1. A palavra falada, além de seu valor fundamental, possui um caráter sagrado que se associa à sua origem divina e às forças ocultas nela depositadas.
2. A tradição oral, que não se limita aos contos e lendas nem aos relatos míticos e históricos, é a grande escola da vida, recobrindo e englobando todos os seus aspectos. Nela, o espiritual e o material não se dissociam. Falando segundo a compreensão de cada pessoa, ela se coloca ao alcance de todos.
3. A tradição oral é, ao mesmo tempo, religião, conhecimento, ciência natural, aprendizado de ofício, história, divertimento e recreação. Baseada na prática e na experiência, ela se relaciona à totalidade do ser humano e, assim, contribui para criar um tipo especial de pessoa e moldar sua alma.
4. O conhecimento, ligado ao comportamento do homem e da comunidade, não é uma metáfora abstrata que possa ser isolada da vida. Ele deve implicar uma visão particular do mundo e uma presença particular nesse mundo concebido como um todo, em que todas as coisas se ligam e interagem.
5. A transmissão oral do conhecimento é o veículo do poder e da força das palavras, que permanecem sem efeito em um texto escrito.
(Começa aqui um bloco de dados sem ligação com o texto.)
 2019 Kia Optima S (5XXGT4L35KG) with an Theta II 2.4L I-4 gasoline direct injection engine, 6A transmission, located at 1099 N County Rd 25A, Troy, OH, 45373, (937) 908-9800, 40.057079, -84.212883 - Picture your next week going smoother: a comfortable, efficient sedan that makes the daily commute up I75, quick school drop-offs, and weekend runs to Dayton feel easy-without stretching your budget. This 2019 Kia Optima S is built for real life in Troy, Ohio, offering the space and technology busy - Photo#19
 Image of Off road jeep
O conhecimento transmitido oralmente, pelo Verbo atuante, tem o valor de uma iniciação, que não está no nível mental da compreensão, porém na dinâmica do comportamento. Essa iniciação é baseada em reflexos que operam no raciocínio e que são induzidos por impulsos nascidos no fundamento cultural da sociedade.
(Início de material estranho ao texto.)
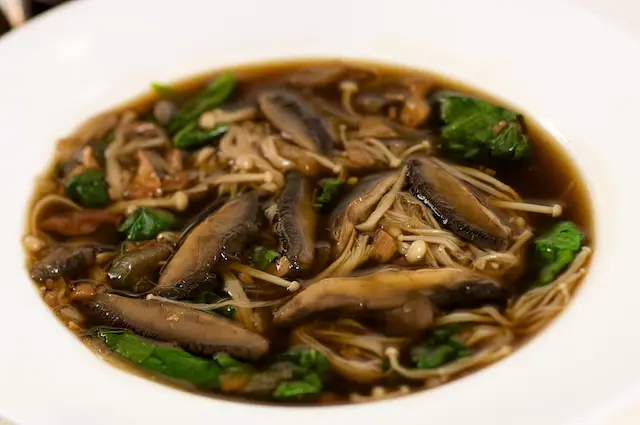 Spinach-Mushroom Soup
6. Da mesma forma que, no ato da Criação, a palavra divina do Ser Supremo veio animar as forças cósmicas que se achavam estáticas, em repouso, a palavra humana anima, põe em movimento e desperta as forças que se encontram estáticas nas coisas.
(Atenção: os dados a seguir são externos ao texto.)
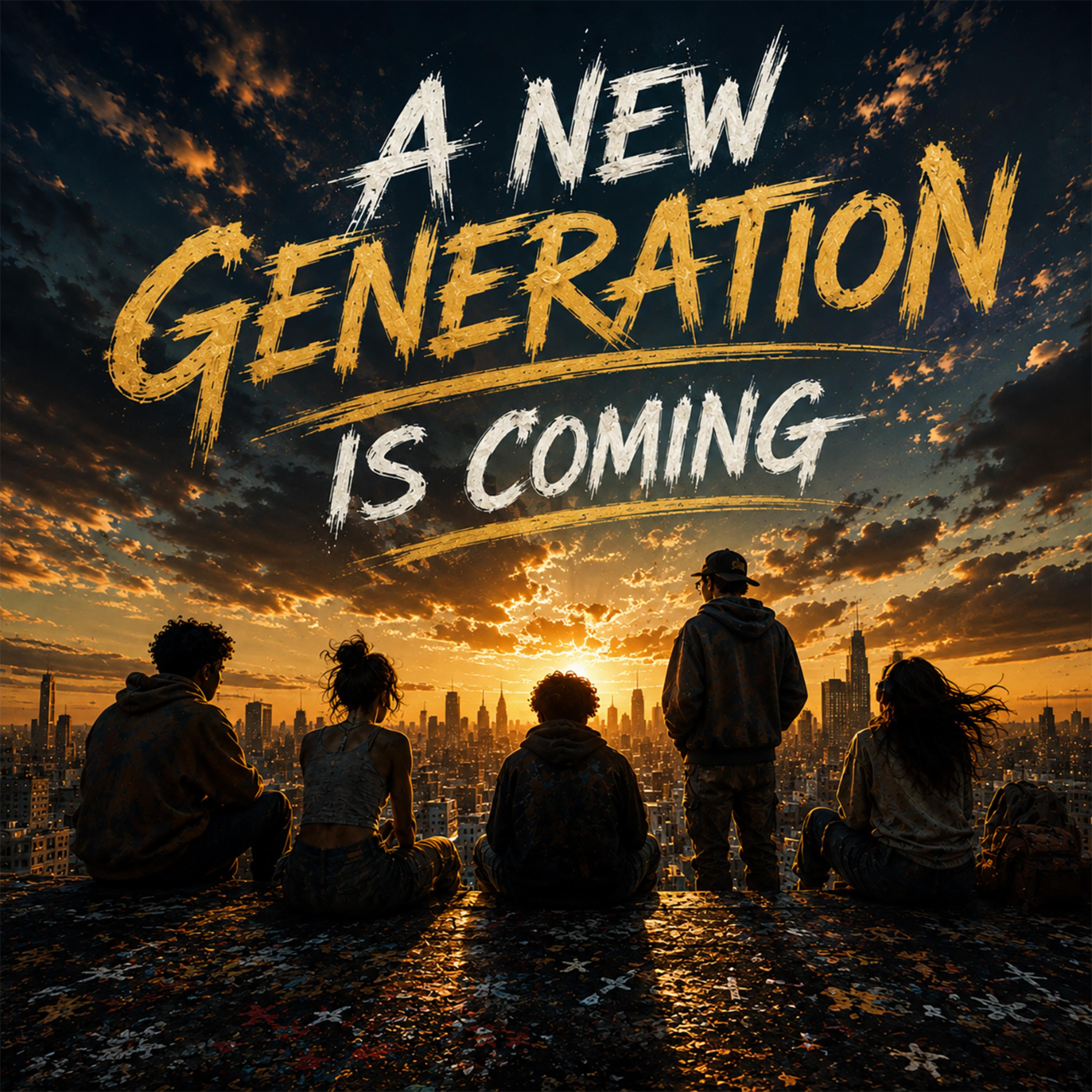 A New Generation Is Coming by NeoShade cover art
7. À imagem da palavra do Ser Supremo, da qual é eco, a palavra humana põe em movimento forças latentes, que despertam e acionam algo, como ocorre quando um homem se ergue ou se volta ao ouvir chamar seu nome.
8. A palavra humana é como o fogo: pode criar a paz, assim como pode destruí-la. Uma só palavra inoportuna pode fazer estourar uma guerra, assim como uma simples fagulha pode provocar um incêndio.
9. A palavra é a marca distintiva da superioridade espiritual do se humano sobre os elementos não humanos do Universo e sua senha diante das portas do reino invisível do Ser Supremo. E a linguagem não é apenas meio de expressão e comunicação – ela é ação. Assim, um objeto não significa o que representa, mas o que ele sugere, o que ele cria.
10. O conhecimento transmitido oralmente, pelo Verbo atuante, deve ser passado, do mestre ao discípulo, por meio de sentenças curtas, baseadas no ritmo da respiração.
11. A palavra, que tira do sagrado seu poder criador e operativo, está em relação direta tanto com a manutenção quanto com a ruptura da harmonia, no ser humano e no mundo que o cerca.
12. A palavra é divinamente exata, e o homem deve ser exato com ela. Falar pouco é sinal de educação e de nobreza.
13. Sendo agente mágico por excelência e grande transmissora de força, a palavra não pode ser usada levianamente.
14. A mentira, por sua vez, é uma lepra, uma tara moral. Quem falta à própria palavra mata seu eu e se afasta da sociedade. A língua que falseia a palavra vicia o sangue daquele que mente. Quando se pensa uma coisa e se diz outra, rompe-se consigo mesmo – quebra-se a união sagrada, reflexo da unidade cósmica, criando assim a desarmonia dentro e em torno de si.
15. A palavra é força. O Verbo é a expressão por excelência da força do ser em sua plenitude.
16. A palavra é o sopro animado e que anima aquilo que expressa. Ela possui a virtude mágica de realizar a lei da participação. Por sua virtude intrínseca, a palavra cria aquilo a que dá nome. Ela tem, além de poder criador, a função de preservar e destruir. É uma força fundamental que emana do próprio Ente Supremo. O que Ele diz, é. Assim falou Hampâté Ba; e disse Senghor.